→ WHAT IS EXPECTED:
Leaving out the pictures, return word for word the stretch of entries below from the line holding "Nissan Terrano III, 2015" through the line holding "Property Photo: 28 Auburn Road NH 03106".

Segment Start: GIVEN ENTRIES

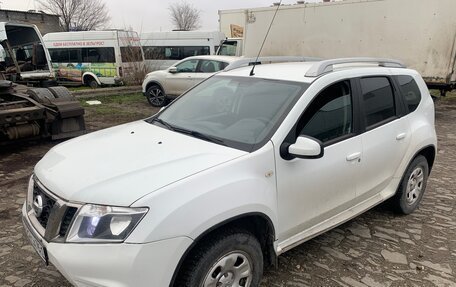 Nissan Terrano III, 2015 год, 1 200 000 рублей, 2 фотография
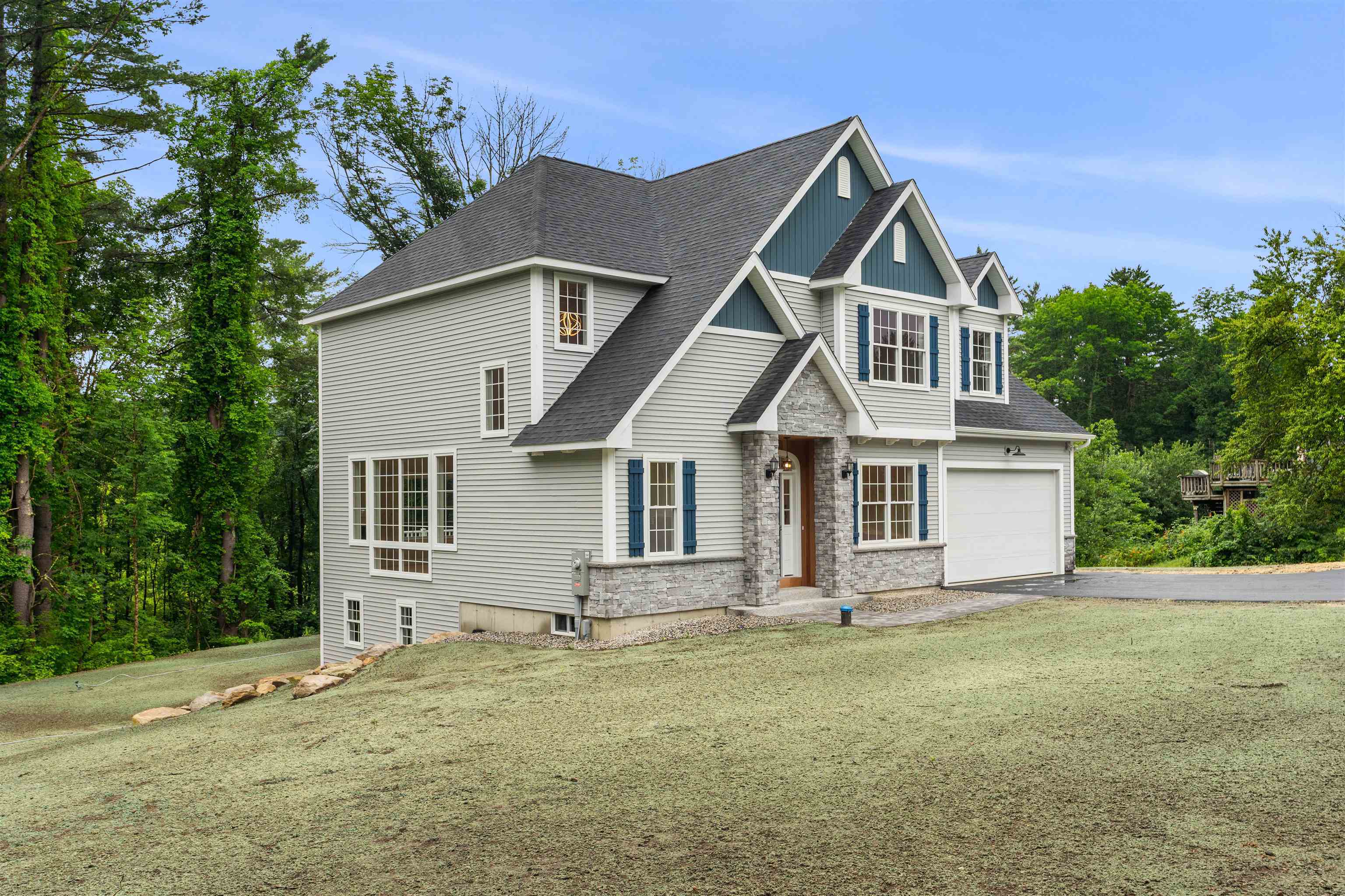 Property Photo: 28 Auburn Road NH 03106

Segment End: GIVEN ENTRIES
Segment Start: GIVEN ENTRIES

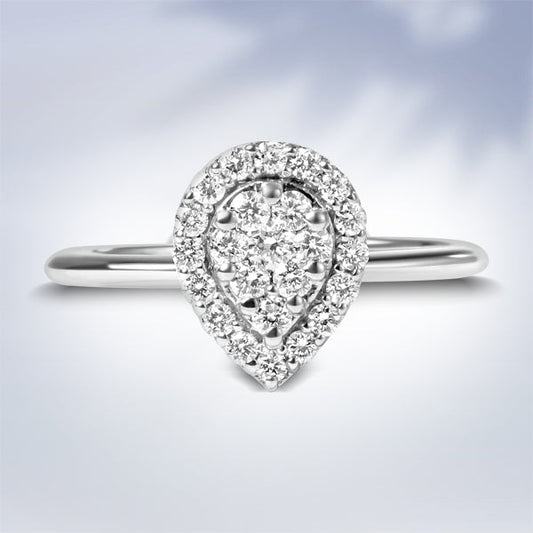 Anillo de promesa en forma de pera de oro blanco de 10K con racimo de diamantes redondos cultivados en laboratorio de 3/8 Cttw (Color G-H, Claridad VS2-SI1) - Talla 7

Segment End: GIVEN ENTRIES

→ RESULT OF THE EXERCISE:
 Nissan Terrano III, 2015 год, 1 200 000 рублей, 2 фотография
 Property Photo: 28 Auburn Road NH 03106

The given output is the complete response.